### [GOAL OF THE EXERCISE]
Retype each record exactly.

### [TASK INPUTS]
◆ ◆ ◆ ◆ ◆
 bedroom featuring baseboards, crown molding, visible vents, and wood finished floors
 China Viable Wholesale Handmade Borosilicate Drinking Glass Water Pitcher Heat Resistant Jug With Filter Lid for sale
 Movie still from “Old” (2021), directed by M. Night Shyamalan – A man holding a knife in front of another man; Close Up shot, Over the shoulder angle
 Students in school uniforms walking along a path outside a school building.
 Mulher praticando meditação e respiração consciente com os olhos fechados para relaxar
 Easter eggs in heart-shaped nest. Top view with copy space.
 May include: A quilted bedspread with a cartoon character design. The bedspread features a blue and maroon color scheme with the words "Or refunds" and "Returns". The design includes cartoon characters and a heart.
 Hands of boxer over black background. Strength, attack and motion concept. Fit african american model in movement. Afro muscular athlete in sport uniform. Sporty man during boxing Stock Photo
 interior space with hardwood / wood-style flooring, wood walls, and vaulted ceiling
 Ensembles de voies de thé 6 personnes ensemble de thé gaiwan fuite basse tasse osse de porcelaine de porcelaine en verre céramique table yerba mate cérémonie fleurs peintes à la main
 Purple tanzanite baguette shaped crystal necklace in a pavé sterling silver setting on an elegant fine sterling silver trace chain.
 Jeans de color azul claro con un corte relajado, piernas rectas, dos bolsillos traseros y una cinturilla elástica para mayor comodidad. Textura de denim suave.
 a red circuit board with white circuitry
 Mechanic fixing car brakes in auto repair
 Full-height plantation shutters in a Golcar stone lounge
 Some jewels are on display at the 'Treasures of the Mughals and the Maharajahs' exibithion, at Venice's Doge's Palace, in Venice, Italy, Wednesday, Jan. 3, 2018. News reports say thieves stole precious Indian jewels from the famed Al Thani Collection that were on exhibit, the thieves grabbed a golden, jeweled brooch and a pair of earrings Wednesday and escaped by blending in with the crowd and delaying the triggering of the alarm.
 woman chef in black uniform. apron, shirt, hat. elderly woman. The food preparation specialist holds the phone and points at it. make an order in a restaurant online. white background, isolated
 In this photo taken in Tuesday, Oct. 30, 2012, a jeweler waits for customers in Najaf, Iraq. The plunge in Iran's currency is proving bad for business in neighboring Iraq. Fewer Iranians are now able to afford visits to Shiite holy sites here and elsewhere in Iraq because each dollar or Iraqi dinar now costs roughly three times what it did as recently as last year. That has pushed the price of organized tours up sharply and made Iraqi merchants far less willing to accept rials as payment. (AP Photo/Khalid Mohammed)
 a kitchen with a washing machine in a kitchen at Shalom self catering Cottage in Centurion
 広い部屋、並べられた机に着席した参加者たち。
◆ ◆ ◆ ◆ ◆
### [RESULT]
 bedroom featuring baseboards, crown molding, visible vents, and wood finished floors
 China Viable Wholesale Handmade Borosilicate Drinking Glass Water Pitcher Heat Resistant Jug With Filter Lid for sale
 Movie still from “Old” (2021), directed by M. Night Shyamalan – A man holding a knife in front of another man; Close Up shot, Over the shoulder angle
 Students in school uniforms walking along a path outside a school building.
 Mulher praticando meditação e respiração consciente com os olhos fechados para relaxar
 Easter eggs in heart-shaped nest. Top view with copy space.
 May include: A quilted bedspread with a cartoon character design. The bedspread features a blue and maroon color scheme with the words "Or refunds" and "Returns". The design includes cartoon characters and a heart.
 Hands of boxer over black background. Strength, attack and motion concept. Fit african american model in movement. Afro muscular athlete in sport uniform. Sporty man during boxing Stock Photo
 interior space with hardwood / wood-style flooring, wood walls, and vaulted ceiling
 Ensembles de voies de thé 6 personnes ensemble de thé gaiwan fuite basse tasse osse de porcelaine de porcelaine en verre céramique table yerba mate cérémonie fleurs peintes à la main
 Purple tanzanite baguette shaped crystal necklace in a pavé sterling silver setting on an elegant fine sterling silver trace chain.
 Jeans de color azul claro con un corte relajado, piernas rectas, dos bolsillos traseros y una cinturilla elástica para mayor comodidad. Textura de denim suave.
 a red circuit board with white circuitry
 Mechanic fixing car brakes in auto repair
 Full-height plantation shutters in a Golcar stone lounge
 Some jewels are on display at the 'Treasures of the Mughals and the Maharajahs' exibithion, at Venice's Doge's Palace, in Venice, Italy, Wednesday, Jan. 3, 2018. News reports say thieves stole precious Indian jewels from the famed Al Thani Collection that were on exhibit, the thieves grabbed a golden, jeweled brooch and a pair of earrings Wednesday and escaped by blending in with the crowd and delaying the triggering of the alarm.
 woman chef in black uniform. apron, shirt, hat. elderly woman. The food preparation specialist holds the phone and points at it. make an order in a restaurant online. white background, isolated
 In this photo taken in Tuesday, Oct. 30, 2012, a jeweler waits for customers in Najaf, Iraq. The plunge in Iran's currency is proving bad for business in neighboring Iraq. Fewer Iranians are now able to afford visits to Shiite holy sites here and elsewhere in Iraq because each dollar or Iraqi dinar now costs roughly three times what it did as recently as last year. That has pushed the price of organized tours up sharply and made Iraqi merchants far less willing to accept rials as payment. (AP Photo/Khalid Mohammed)
 a kitchen with a washing machine in a kitchen at Shalom self catering Cottage in Centurion
 広い部屋、並べられた机に着席した参加者たち。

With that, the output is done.